Troisièmement: Le recours (par M. Murr) à des propos insultants à la télévision est impardonnable, car ne s’inscrivant pas dans la tradition des rapports avec la presse.
Quatrièmement: S’il avait pris connaissance de l’ampleur du soutien de l’opinion publique à l’écrit de Goraieb et de la condamnation, par cette même opinion, de ce qui a été dit du journaliste, le ministre se serait ravisé et aurait réalisé à quel point il était dans l’erreur.
Cinquièmement: S’il s’était référé au passé de Goraieb et à son éthique syndicale, il aurait constaté combien de fois le journaliste s’est opposé à ceux qui tentent de déstabiliser le Liban et de se faire les agents d’exécution de l’ennemi israélien.
Sixièmement: Le ministre accuse Goraieb de monter l’opinion publique et de la détourner des affaires nationales en la distrayant avec des questions mineures. La réalité, pourtant, est que certains dirigeants font assumer à la presse et à certains journalistes des responsabilités, s’agissant de questions qu’ils ont été impuissants à surmonter et dont ils se lavent les mains en s’en déchargeant sur les autres.

QUI PORTE ATTEINTE À LA SÉCURITÉ?
“Ce n’est pas la presse qui porte préjudice à la sécurité nationale et mine la confiance en l’économie, mais plutôt le comportement erroné de certains responsables.
“Les Ordres de la Presse et des journalistes considèrent que Goraieb fait partie des hommes constructifs qui aspirent à édifier leur patrie, quels qu’en soient les sacrifices et œuvrent sincèrement à cette fin. Tout en appréciant le soutien massif et l’énorme élan de sympathie qui ont été manifestés à la presse et à Goraieb dans cette affaire, nous demandons au ministre de rectifier ses informations et de revenir sur les propos qu’il a tenus. Nous invitons, de même, certains responsables à ne pas ergoter sur leurs défaites et leurs signes d’impuissance en imputant les causes à la presse: c’est bien cela, en effet, qui reviendrait à détourner l’opinion publique des réalités.
“Les propos du ministre ont nui à ses rapports avec la presse et avec l’opinion publique, d’autant que nous avons toujours été objectifs dans nos relations avec M. Murr. Nous ne nous attendions nullement de sa part à un tel comportement et à de telles accusations.

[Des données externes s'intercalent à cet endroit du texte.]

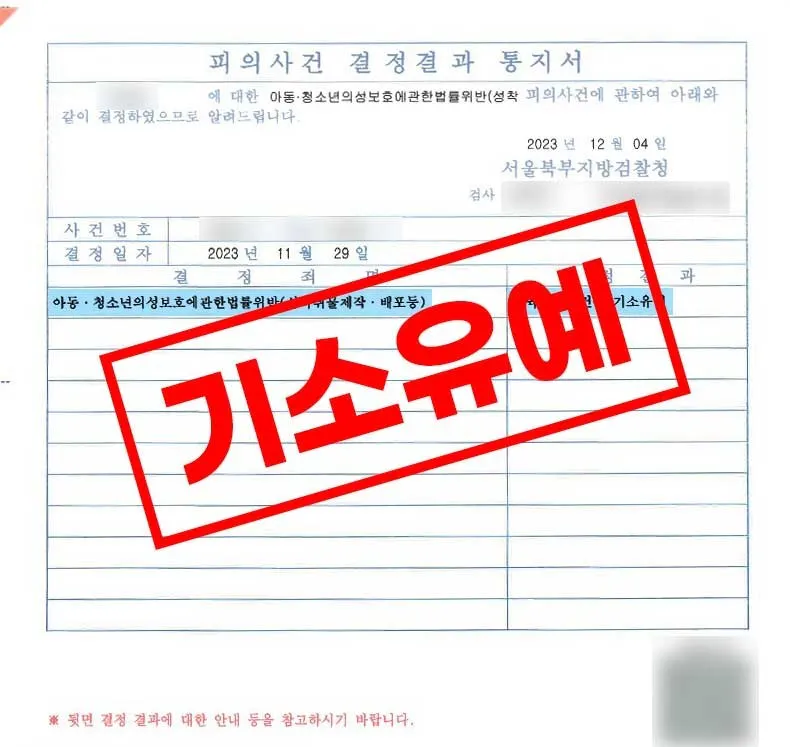 아동·청소년 성착취물 전송 혐의로 교육조건부 기소유예 처분이 내려진 사례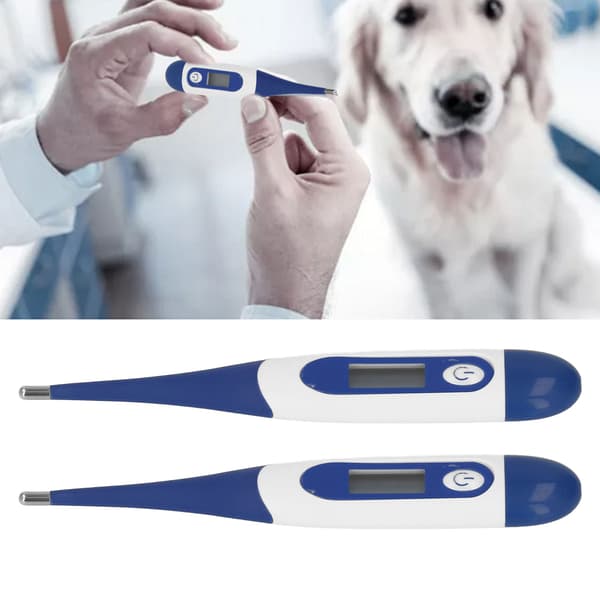 2-pack djurtermometer i plastskal, noggrann elektronisk LCD-temperaturmätare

“En conclusion, les rapports avec la presse doivent être régis par une éthique que nous demandons à M. Murr de respecter. S’il avait procédé à un sondage d’opinion, il aurait réalisé à quel point il s’est trompé dans ses propos et à quel point l’opinion publique va dans la direction opposée. La presse, à travers ses deux Ordres, proclame son entière solidarité avec notre confrère Issa Goraieb. Elle apprécie son comportement professionnel, syndical et national. Elle demande au ministre Murr de revenir sur les accusations fausses et injustes lancées contre un journaliste libre, noble, patriote et qui consti-tuent une diffamation.”